The Role of Theory in Trustworthy & Interpretable AI

Overview

Recent progress in generative AI—Large Language Models, Diffusion Models, and beyond—has been transformative, yet has largely proceeded without engaging with the theoretical foundations developed by the TCS community. At the same time, the deployment of these models has created pressing challenges around trustworthiness: How do we attribute model behavior to training data? How do we verify whether content is AI-generated? How do we align AI systems with the diverse preferences of society? How do we ensure safety and interpretability?

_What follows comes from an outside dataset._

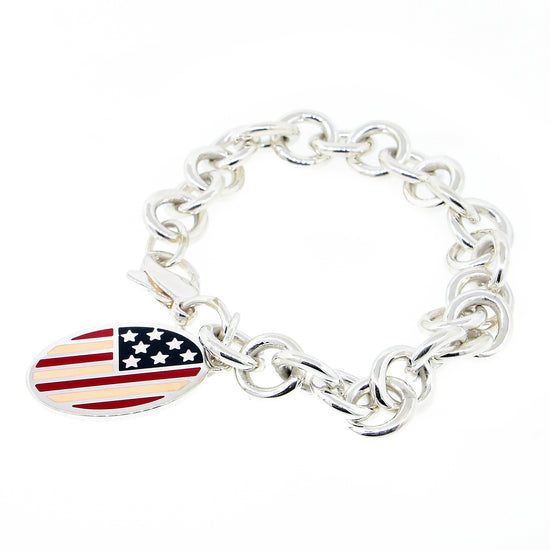 Tiffany and Co. American Flag Sterling Silver Charm Bracelet – FabOn5th.com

We believe theory has a key role to play in addressing these questions. Indeed, a growing body of recent work demonstrates that ideas from cryptography, social choice theory, learning theory, and statistics yield concrete, practical tools for modern AI systems. This workshop will showcase these successes and make the case that trustworthy AI is a natural and fertile area for harnessing theoretical perspective for practical impact.

Organizers

Noah Golowich

Allen Liu

Abhishek Shetty

Schedule

Monday, June 22

Tutorial by Noah Golowich, Allen Liu, and Abhishek Shetty 8:30–9:30am MDT

Tutorial on Language Models and Generative AI
Talk by Andrew Ilyas 9:30–10:30am MDT

Predictive models for AI systems

Abstract

Building AI systems entails making a number of extraordinarily high-dimensional design choices, such as what data to train on, what hyperparameters to use, and how to order training data. A natural stepping stone towards trustworthy AI systems is to be able to predict how these design choices affect model behavior. In particular, predictibility enables us to design targeted interventions that steer our systems towards desirable behavior. In this talk, we will discuss a family of approaches towards building predictive models of AI systems, with applications to data selection, data editing, and privacy auditing.

Tuesday, June 23

Talk by Paul Christiano 8:30–9:30am MDT

Theoretical approaches to AI alignment

Abstract

I’ll survey a range of theoretically grounded approaches for aligning AI systems with human intent. The first half of the talk will discuss black box methods that use checks and balances to prevent bad behavior. The second half will explore white box methods that leverage model weights to make more accurate predictions about out of distribution behavior. Within each category I’ll review a few existing theoretical and empirical results and state some important open problems.
Talk by Miranda Christ 9:30–10:30am MDT

Pseudorandom Codes and Cryptographic Watermarks for AI-Generated Content

Abstract

Watermarks involve embedding hidden patterns in AI-generated content to facilitate its detection. Intuitively, it seems inevitable that the stronger the watermark is, the more it must alter the content, leading to quality degradation. However, a recent line of work draws on cryptography to construct watermarks that are both robust to modification of the content, and provably quality-preserving: the watermarked model is computationally indistinguishable from the original model, implying that quality is maintained under any efficiently computable metric.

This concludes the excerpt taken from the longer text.